Pilgrim in the Microworld
- Author: David Sudnow
- Subject: Video games
- Genre: Case studies
- Publisher: Warner Books
- Publication date: 1983
- Pages: 161
- ISBN: 0-446-51261-3

= Pilgrim in the Microworld =

1983 book by David Sudnow

Pilgrim in the Microworld is an analysis book on the arcade game Breakout by David Sudnow.

== Overview ==
David Sudnow was a sociologist professor at the University of California system, winner of the Guggenheim Fellowship in 1979 and piano teacher. He discovered Breakout while picking up his son at an arcade facility and began playing the Atari 2600 version of the game for months. For the book, Sudnow visited manufacturer Atari and interviewed the game's programmers.

== Publication ==
Pilgrim in the Microworld was originally published in 1983 by Warner Books.

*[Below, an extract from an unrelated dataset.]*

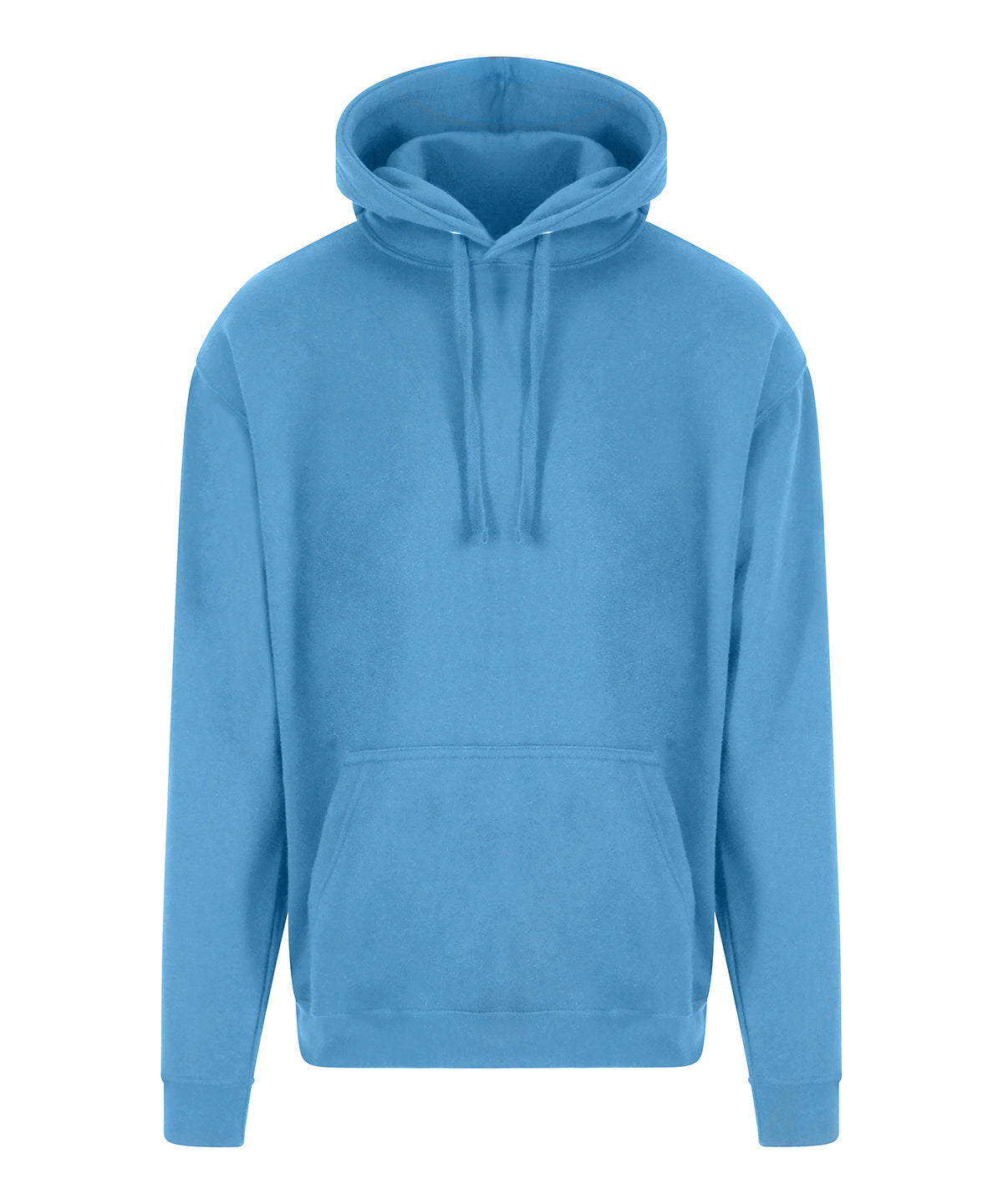 Pro hoodie - Premium heavyweight pullover hoodie with quality construction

Boss Fight Books crowdfunded a reprint with a new foreword and copy editing on Kickstarter in 2019.

== Reception ==
The New York Times stated the book's style to be breathless, but criticized the lack of analysis of how the game fits into broader "computer society". Kirkus Reviews stated it might be self-indulgence and written like a personal experience.' San Francisco Examiner found the book "exhilarating". Newsweek ridiculed it, stating to read the game's manual and changing the money for the book into quarters to play Breakout instead.

Kill Screen wrote a retrospective on the book in 2013, comparing it to 1982's Invasion of the Space Invaders. In 2020, Unwinnable noted that Sudnow looked at music as a reference point for the book.